I asked some of my buddies on #RTWSoon what the biggest savings obstacles were for them and one kept coming up:

thom_sean: FRIENDS! Easy to cut back food/phone/treats but well meaning: ‘oh come on, what difference will ONE night make?’ A LOT

shawnosaurus: Boredom

JohnnyVagabond: That’s an easy one: beer

It’s a tough one for me too. You’re young and awesome; you want to go out with your friends. All of a sudden one drink turns into shots for everybody. You don’t even think about the cost until you get your credit card statement.

Sadly the only way to combat this is that tricky thing called self-control. I do try to remove some temptations by passing on places and events that I know are going to be expensive and capitalizing on free events. I also try to avoid opening a tab at bars (even better: leave your cards at home and stick only to the cash on your person).

I know some of these measures seem drastic. But the truth of the matter is that if you are trying to massively change your life your going to have to make some sacrifices. There is no easy fix just hard work. Hopefully the end goal makes it all worthwhile.

Your turn: any major expenses I missed? How do you drastically cut down?

49 thoughts on “The Biggest Money Sucks for Twenty-Somethings”

  1. So true! I find that when I feel like settling down for a bit on the road my rent is actually much less than it was back at home (even with all those crazy roommates I had to live with to save for the trip)! Cutting back on going out to the bars (even trying to moderate this while traveling) can add up a lot as well!

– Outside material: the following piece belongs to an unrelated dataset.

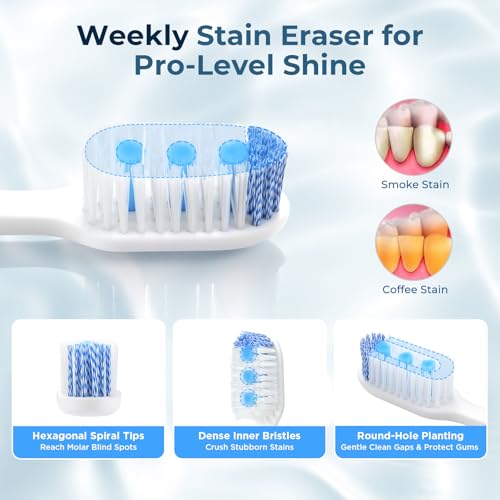 Wider Aluminum Toothbrush Travel Case+Oralphi Soft Toothbrushes for Morning Freshness & Night Cleanliness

Thanks for the great advice!

  2. All of this certainly rings true.

    I’m very independent, so living on my own is a must. I held to a strict budget and paid off my credit cards, so the only nagging debt I have right now is my car. Everyday, I wake up wishing I lived in a city that didn’t require me to have one, but that just isn’t the case right now. So the focus is to get it payed off as soon as possible…

    Then the new phase of my life abroad can begin.

  3. Definitely food, rental is fixed, you really don’t have to worry about controlling it, you just have to allot for the rental expense. But food, if you don’t know how to cook and don’t like packing-up lunch, then you will never notice where your money is going. Include the latte you have after office or the late night out.